I have always been fascinated by fire, I love the fact that it is a method to create light yet can be so cleverly used to enforce such gut wrenching torment. The flickers of ember and heat that emits from the roaring flames can be used to comfort and provide warmth yet can also cloud up lungs with menacing particulates. People’s minds are instantly driven to insanity as soon as they see the sickly orange flames accumulate, not for me, when I spot fire my heart instantly boils with anticipation. I think the thing that excites me the most about fire is that all of the nightmares it creates can stem from one tiny spark.
Such a careless and oblivious action can initiate such destruction. Fire begins as something small and flickering, a slight hint and feeble gesture, once the flames grow it matures and burns into something deep and unquenchable. I am not sure of what exactly caused me to set the house on fire. Maybe it was just the fact that I have always been fascinated by fire and how it burns and welds together in desperation. Maybe it was deep, torturing anger that grew in my chest every time I saw him torture my poor Adara. Or maybe it was the gut wrenching capital vice of envy flooding my bloodstream and driving me into insanity.
I am certain many people will claim me as a”psychopath” for this crime. I’ll wake up tomorrow morning and my name and face distorted with pixels will be sprawled across the tabloids with some remark about how “an insane man murdered his ex wife. ” Its pathetic. They shame me for doing whats right, for serving justice and destroying the real source of evil. His violence would have eventually obliterated her and I could not let that happen. People are such cowardstoo afraid to take risks to get what they want. Now my Adara is finally at peace. I can see her laying in front of me, like a frail flightless fledgling.

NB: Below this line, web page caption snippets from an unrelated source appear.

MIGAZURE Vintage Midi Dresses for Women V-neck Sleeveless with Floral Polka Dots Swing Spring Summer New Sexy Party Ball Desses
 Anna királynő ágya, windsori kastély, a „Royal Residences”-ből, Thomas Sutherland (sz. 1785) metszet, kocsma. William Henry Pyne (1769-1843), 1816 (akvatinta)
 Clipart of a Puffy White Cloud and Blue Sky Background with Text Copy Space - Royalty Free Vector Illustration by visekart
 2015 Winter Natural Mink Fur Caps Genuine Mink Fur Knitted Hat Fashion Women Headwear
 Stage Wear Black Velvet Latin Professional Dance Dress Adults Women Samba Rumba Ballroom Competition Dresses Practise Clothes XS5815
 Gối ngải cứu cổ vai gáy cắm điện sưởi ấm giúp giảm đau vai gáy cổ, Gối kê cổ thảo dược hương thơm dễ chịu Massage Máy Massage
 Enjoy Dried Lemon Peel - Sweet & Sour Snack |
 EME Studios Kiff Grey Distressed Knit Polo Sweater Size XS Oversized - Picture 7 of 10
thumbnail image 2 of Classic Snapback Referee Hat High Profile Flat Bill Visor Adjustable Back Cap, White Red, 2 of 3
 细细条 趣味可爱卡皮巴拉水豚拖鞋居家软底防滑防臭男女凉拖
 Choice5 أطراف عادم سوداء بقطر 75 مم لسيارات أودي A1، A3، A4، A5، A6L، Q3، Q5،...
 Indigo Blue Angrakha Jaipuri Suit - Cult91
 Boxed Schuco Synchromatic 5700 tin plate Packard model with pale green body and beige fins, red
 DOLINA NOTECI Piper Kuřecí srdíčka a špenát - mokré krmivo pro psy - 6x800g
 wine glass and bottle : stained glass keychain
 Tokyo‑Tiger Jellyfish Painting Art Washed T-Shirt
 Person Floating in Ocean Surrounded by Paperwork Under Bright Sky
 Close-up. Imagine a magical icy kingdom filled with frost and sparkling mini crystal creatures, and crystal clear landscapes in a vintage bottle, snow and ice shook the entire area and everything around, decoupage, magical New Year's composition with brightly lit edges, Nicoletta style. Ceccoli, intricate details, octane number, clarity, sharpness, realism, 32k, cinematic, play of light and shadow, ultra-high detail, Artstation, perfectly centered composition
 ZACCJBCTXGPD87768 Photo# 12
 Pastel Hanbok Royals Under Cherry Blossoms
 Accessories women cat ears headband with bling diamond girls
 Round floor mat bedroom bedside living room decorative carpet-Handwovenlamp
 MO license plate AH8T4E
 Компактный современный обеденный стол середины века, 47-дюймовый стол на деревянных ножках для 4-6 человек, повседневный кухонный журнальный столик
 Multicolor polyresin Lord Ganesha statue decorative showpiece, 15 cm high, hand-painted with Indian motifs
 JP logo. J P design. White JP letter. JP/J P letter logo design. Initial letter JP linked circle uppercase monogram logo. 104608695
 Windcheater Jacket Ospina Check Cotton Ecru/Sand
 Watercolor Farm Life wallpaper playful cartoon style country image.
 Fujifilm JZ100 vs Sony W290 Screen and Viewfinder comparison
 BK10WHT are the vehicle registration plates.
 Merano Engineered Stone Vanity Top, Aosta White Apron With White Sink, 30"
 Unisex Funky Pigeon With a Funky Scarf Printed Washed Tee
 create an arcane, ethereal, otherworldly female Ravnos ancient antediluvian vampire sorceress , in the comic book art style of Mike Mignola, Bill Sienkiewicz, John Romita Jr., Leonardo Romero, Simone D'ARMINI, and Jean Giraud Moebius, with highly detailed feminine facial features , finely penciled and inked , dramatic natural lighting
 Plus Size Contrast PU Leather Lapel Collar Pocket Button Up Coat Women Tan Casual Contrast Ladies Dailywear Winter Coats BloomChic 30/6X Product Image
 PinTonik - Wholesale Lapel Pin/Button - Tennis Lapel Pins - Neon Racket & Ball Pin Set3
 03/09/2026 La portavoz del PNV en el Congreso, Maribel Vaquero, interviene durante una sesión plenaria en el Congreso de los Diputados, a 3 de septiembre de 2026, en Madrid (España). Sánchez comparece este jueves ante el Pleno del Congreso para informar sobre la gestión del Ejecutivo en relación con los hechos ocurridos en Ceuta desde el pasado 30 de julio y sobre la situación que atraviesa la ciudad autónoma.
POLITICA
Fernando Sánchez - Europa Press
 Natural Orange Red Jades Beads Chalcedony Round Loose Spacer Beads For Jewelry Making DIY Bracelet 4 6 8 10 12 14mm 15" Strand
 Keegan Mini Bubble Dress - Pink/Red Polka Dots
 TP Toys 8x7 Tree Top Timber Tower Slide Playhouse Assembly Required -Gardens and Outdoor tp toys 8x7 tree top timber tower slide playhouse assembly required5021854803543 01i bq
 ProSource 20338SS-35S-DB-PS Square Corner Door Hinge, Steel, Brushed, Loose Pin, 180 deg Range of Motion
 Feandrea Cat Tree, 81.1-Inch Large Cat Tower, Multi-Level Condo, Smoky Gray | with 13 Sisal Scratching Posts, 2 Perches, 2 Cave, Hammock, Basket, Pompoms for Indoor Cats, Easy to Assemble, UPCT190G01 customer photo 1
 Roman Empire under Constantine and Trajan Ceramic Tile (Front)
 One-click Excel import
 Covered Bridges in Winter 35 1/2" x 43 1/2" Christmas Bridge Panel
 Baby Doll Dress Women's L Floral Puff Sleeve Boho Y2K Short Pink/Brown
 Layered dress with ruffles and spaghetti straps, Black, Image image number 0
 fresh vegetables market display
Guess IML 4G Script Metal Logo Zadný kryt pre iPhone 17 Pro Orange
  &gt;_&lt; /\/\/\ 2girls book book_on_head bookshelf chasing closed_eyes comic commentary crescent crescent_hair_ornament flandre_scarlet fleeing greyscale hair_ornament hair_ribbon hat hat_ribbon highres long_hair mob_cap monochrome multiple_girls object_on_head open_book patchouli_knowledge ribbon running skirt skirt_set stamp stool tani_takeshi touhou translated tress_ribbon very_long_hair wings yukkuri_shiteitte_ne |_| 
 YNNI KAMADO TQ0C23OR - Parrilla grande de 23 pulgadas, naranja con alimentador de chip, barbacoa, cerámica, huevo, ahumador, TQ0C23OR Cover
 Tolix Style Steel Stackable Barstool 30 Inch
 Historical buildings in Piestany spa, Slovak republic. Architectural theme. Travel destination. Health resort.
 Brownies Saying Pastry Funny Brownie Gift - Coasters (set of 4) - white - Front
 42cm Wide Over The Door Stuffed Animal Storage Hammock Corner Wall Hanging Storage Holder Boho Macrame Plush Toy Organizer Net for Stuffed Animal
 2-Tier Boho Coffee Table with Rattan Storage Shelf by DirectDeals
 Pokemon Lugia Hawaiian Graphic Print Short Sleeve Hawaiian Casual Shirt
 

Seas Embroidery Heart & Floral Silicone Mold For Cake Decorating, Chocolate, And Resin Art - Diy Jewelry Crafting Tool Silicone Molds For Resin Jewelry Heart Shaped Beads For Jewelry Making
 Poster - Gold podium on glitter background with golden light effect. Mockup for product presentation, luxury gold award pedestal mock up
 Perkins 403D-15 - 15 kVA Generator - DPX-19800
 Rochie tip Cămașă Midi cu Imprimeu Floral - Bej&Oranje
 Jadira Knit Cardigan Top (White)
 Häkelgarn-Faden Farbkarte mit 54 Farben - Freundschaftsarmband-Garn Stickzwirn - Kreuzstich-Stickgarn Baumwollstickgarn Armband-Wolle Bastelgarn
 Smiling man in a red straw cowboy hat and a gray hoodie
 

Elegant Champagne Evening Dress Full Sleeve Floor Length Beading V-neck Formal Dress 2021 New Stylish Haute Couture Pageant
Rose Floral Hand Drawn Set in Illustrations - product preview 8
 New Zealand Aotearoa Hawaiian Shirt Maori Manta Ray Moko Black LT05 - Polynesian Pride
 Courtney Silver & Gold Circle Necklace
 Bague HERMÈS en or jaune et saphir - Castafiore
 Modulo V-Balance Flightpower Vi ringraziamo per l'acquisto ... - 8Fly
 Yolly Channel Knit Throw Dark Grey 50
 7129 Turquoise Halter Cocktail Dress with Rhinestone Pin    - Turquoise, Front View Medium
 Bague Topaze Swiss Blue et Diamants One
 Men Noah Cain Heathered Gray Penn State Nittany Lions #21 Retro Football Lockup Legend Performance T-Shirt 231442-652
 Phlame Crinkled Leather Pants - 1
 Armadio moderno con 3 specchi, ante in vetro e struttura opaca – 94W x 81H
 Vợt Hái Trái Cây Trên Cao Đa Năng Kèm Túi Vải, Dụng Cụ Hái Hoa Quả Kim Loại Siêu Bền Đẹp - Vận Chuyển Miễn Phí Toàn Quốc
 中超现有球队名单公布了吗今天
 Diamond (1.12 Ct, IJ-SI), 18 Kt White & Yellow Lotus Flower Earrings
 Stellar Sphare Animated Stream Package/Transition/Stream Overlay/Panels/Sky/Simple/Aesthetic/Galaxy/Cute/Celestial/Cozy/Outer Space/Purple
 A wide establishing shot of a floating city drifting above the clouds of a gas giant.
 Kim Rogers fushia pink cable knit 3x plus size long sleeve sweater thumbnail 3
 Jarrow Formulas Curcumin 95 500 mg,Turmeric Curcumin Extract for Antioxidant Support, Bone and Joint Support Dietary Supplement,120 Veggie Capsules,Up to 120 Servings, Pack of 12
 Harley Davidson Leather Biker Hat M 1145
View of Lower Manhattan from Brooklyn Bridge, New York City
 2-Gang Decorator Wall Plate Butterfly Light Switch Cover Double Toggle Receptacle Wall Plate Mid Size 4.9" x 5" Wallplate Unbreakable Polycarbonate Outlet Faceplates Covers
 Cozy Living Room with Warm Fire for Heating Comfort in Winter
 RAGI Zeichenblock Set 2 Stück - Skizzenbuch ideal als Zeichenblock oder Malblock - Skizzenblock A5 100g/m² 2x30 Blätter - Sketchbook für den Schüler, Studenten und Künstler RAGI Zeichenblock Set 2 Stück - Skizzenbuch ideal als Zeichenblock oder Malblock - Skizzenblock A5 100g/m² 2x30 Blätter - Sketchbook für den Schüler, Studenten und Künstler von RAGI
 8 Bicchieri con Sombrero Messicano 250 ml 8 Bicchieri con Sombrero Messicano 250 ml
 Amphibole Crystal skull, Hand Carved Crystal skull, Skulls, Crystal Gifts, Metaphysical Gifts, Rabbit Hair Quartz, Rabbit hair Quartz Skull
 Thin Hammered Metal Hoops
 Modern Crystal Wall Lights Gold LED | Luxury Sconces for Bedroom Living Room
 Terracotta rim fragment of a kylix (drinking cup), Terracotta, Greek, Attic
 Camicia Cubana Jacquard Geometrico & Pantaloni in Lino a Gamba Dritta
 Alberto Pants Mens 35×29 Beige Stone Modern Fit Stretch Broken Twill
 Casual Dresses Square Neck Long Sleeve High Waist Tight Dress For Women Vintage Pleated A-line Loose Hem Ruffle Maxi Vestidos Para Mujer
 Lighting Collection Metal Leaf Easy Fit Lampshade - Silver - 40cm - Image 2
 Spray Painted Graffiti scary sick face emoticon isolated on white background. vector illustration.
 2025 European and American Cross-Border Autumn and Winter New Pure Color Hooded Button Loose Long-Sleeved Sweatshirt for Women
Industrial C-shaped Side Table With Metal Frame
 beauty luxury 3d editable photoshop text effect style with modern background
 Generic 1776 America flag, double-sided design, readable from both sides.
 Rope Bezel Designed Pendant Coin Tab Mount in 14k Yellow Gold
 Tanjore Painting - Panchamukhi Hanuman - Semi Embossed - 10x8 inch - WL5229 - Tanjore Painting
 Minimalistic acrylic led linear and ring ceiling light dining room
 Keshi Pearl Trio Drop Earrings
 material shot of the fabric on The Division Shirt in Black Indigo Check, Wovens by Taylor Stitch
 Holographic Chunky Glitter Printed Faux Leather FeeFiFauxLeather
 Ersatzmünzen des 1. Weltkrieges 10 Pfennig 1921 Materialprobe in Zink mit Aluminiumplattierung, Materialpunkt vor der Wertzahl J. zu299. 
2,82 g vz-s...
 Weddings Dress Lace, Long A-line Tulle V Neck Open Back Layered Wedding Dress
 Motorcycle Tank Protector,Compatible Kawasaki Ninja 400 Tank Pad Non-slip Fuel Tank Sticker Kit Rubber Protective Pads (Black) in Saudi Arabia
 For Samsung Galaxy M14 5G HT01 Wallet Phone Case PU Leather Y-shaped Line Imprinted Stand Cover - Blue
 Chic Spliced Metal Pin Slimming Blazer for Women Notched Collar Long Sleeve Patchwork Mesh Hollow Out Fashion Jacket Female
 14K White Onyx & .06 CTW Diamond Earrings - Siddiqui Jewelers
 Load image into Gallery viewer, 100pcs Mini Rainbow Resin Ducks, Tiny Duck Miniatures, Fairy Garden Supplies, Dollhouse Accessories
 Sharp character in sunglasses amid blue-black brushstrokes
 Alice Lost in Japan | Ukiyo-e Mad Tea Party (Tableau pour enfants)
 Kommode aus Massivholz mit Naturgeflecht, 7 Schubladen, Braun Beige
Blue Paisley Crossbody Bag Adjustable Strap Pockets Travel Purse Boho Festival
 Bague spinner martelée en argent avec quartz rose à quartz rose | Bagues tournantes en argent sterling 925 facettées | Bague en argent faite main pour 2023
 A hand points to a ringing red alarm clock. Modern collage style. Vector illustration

Her eyes are sealed shut by the bold burns from the flames that eliminated the pigment in her skin and abolished the oxygen from her veins. Her pretty little head lays there softly upon the damp soil and her pink lips are pursed gently, like a pure rose petal. Her pale, ghostly hand winds itself around the strands of grass that remain, clutching desperately as they engulf her thin wrists. Finally she is safe. He will not hurt her anymore. She is at one with nature-safe forever. The tree doesn’t sway anymore. Now it looms scarcely, watching over the chaos that it failed to prevent.